At the reconvened hearing the Judge (Roth J) recognised that not only were three patents in dispute, but there also were multiple claims in each patent in dispute.   Therefore, unless Premiatha was wholly successful in establishing that there was no infringement of a valid claim, the eventual end result of the patent infringement claim could take on many different forms.    As the competition law defences depend in large part on the scope of the patents, this therefore means that those defences could take many different forms.   Accordingly the Judge concluded that as the pleadings on the competition law issues could be more sophisticated and have tighter focus once the outcome of the patent infringement and validity part of the case was known, it made sense to defer until after the trial on those issues deciding whether the competition defences were realistic defences and should be allowed into the case.

This seems an eminently sensible solution, particularly as the scope of the patents inter-relates with the definition of the market against which market share and dominance must be assessed.   It also replicates the usual approach to damages in English proceedings, with quantification held over for a hearing after the infringement and validity decision;  this avoids wasting time and costs addressing that issue if there is no infringement of a valid claim, or to bring focus to the quantification process once it is known which claims are valid and infringed.   The downside is that it adds an extra stage to the proceedings, and consequently delays finality for both parties, which downside is compounded if there is any appeal.

The Judge also had some interesting comments to make when it came to assessing the substantial costs of this hearing.   Illumina argued that Premiatha had pressed for a ruling that its competition law defences were admissible and should be admitted, and as Premiatha had failed in this objective Premiatha should pay the costs.   On the other hand, Premiatha argued that it was at Illumina's insistence that Premiatha had prepared and served draft pleadings addressing its competition law defences, and it was at Illumina's instance that the matter was not dealt with at the CMC, and therefore Illumina should be liable for all the intervening costs.   The Judge concluded that save in one respect the question of costs could not fairly be addressed until the outcome of the trial when the whole issue surrounding the competition law defences could be resolved, and therefore the question of costs should be held over until then.   The Judge did, however, criticise the parties for failing to give consideration to a pragmatic and sensible way forward.   That criticism was directed at both parties, but the Judge felt that Premiatha was the more culpable:  Premiatha were the party bringing the application, and therefore the burden was on Premiatha to be offering such solutions.   The Judge therefore ordered that in any event Premiatha could not recover their costs of the hearing.

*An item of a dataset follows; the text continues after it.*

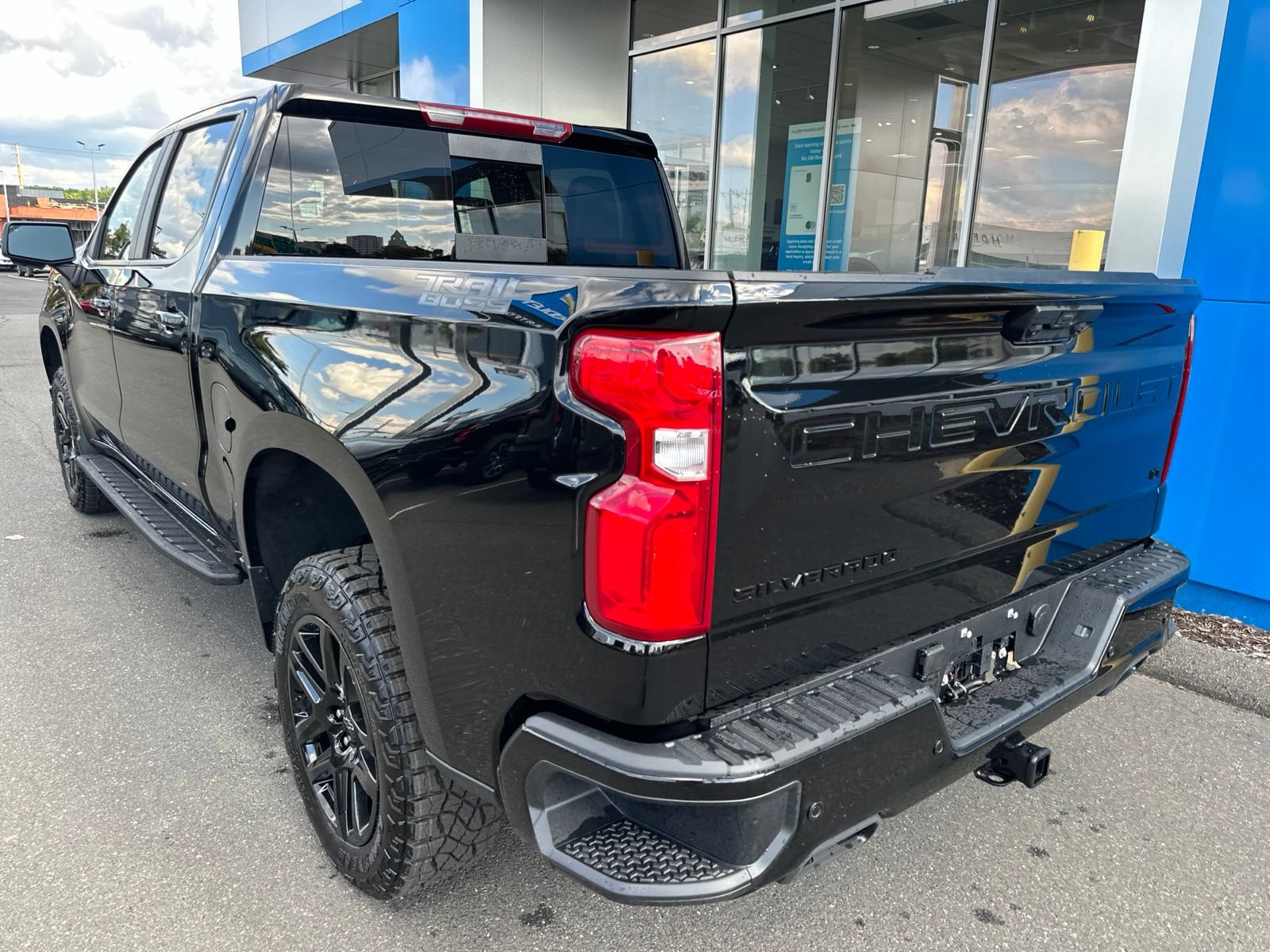 New 2026 Chevrolet Silverado 1500 LT Trail Boss w/ LT Trail Boss Premium Package AWD/4WD image 8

Following Huawei v ZTE it is to be expected that more patent infringement claims will have competition law based defences.   The defence might arise whenever it could be argued that patentee is subject to a FRAND (fair, reasonable and non-discriminatory) obligation – because the patents in question are SEPs (as was the case in Huawei), or because the patents confer a position of market dominance (as Premiatha seeks to argue in this case).   It seems likely, but not inevitable, that oftentimes the competition law defences will be separated out into a separate later hearing which was also the approach adopted by the Court in Unwired Planet v Huawei and others.  One can see the sanity of this: why waste time and costs arguing about competition law matters until (a) it is known that the patent is valid and infringed, and (b) the scope of the patent claims, and therefore market and market share, is known.  On the other hand this will add a significant delay to the final resolution of the claims: realistically perhaps a year or so, and even more if there is an appeal.  This case also is interesting because the technology at issue is medical diagnostics, and it shows FRAND based competition law defences breaking out from the preserve of telecoms cases, and continues the trend of competition law playing an ever greater role in patent infringement proceedings.